Pierwszy linię mety przekroczył Mistrz Świata Enduro – Cyryli Despres. Zmaganiom przyglądało się 5000 widzów.

W samo południe szwadron lotniczej grupy The Halcones przeleciał nad linią startu, dając tym samym uczestnikom sygnał do rozpoczęcia zawodów. Zadaniem zawodników było przejechanie 30 kilometrowej trasy, w jak najkrótszym czasie – zaliczając przy tym 4 punkty kontrolne.

Droga była stroma, a teren skalisty. Błoto, żwir czy przekraczanie rzeki to tylko niektóre z utrudnień jakie czyhały na śmiałków.
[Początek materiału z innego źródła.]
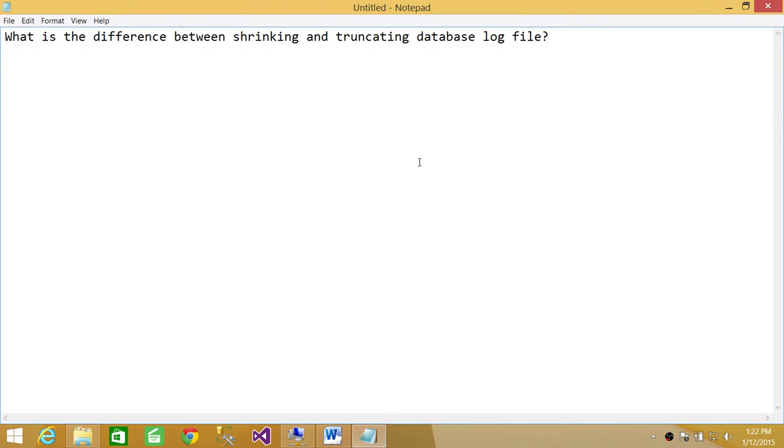Welcome to Tech Brothers. In this video we're going to answer the question: what is the difference between shrinking and truncating database log file?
Pierwsze okrążenie stanowiło nie lada wyzwanie, drugie jednak - jeszcze większe, gdyż jak komentowali zawodnicy „odczuwalne zmęczenie, wysokość oraz palące słońce – doskwierało dużo bardziej niż na początku wyścigu”.

Lokalny bohater - Francisco Chaleco Lopez, który jako drugi dojechał do mety, komentował na gorąco: ”Jesteśmy z Cyrilem przyjaciółmi i zawsze dobrze się bawimy podczas wspólnych pojedynków. Mam jednak nadzieję, że w przyszłości to ja przyjadę pierwszy”.

Zawody Red Bull Los Andes obejmowały cztery kategorie: Super Experts, Experts, klasa – średniozaawansowana oraz kategoria dla kobiet. Dwóm odważnym zawodniczkom udało się ukończyć rywalizację. Maria Josefina Gadulski wyprzedziła rywalkę Macarena’e Garreton.

Po wyścigu Gradulski komentowała ”jestem bardzo szczęśliwa, że udało mi się ukończyć zawody. Podczas wyścigu wspierałyśmy się wzajemnie z Macareną, więc uważam, że jest to nasz wspólny triumf”.

Nagrodą za zajęciem pierwszego miejsca był motocykl Honda 450x, który Cyril Despres postanowił oddać na aukcję, a wpływ przekazać fundacji Wings for Life, której głównym celem jest znalezienie metody leczenia przerwania rdzenia kręgowego.